- From: Addison Phillips <addison@yahoo-inc.com>
- Date: Fri, 07 Mar 2008 14:04:08 -0800
- To: ishida@w3.org
- CC: public-i18n-core@w3.org
ishida@w3.org wrote: > Comment from the i18n review of: > http://www.unicode.org/reports/tr29/tr29-12.html > > Comment 18 > At http://www.w3.org/International/reviews/0801-uax29/ > Editorial/substantive: E > Tracked by: AP > > Location in reviewed document: > 4 [http://www.unicode.org/reports/tr29/tr29-12.html#Word_Boundaries] > > Comment:All of the examples include space-separated languages.
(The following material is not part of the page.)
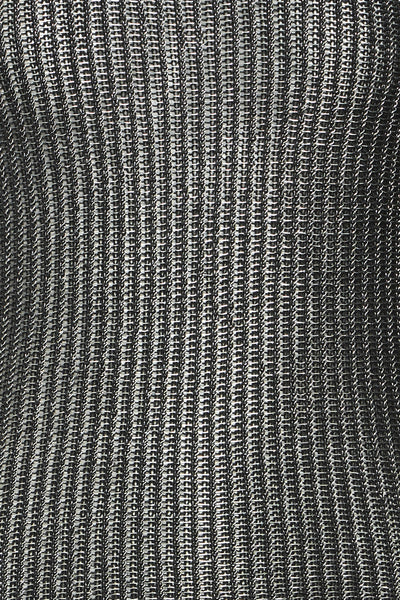 IhDevins Top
No mention is made of the fact that some languages don't use spaces between words, which we think is an extremely important point to make. It should be explicitly mentioned here and possibly an example given. > > In reviewing the text, this note seems to address this comment: -- For Thai, Lao, Khmer, Myanmar, and other scripts that do not use typically use spaces between words, a good implementation should not just depend on the default word boundary specification, but should use a more sophisticated mechanism, as is also required for line breaking. Ideographic scripts such as Japanese and Chinese are even more complex. Where Hangul text is written without spaces, the same applies. However, in the absence of such a more sophisticated mechanism, the rules specified in this annex at least supply a well-defined default. -- On the other hand, I think it would be useful somewhere in the introductory area: too many programmers make assumptions about word-breaking behavior. So I would suggest adding something like the sentence marked ** to the second paragraph in Section 4 so that it reads like: -- Word boundaries can also be used in intelligent cut and paste. With this feature, if the user cuts a selection of text on word boundaries, adjacent spaces are collapsed to a single space. For example, cutting “quick” from “The_quick_fox” would leave “The_ _fox”. Intelligent cut and paste collapses this text to “The_fox”. **Note that word break boundaries are not restricted to whitespace and punctuation. Indeed, some languages do not use spaces at all.** Figure 1 gives an example of word boundaries. -- Addison -- Addison Phillips Globalization Architect -- Yahoo! Inc. Chair -- W3C Internationalization Core WG Internationalization is an architecture. It is not a feature.
Received on Friday, 7 March 2008 22:04:30 UTC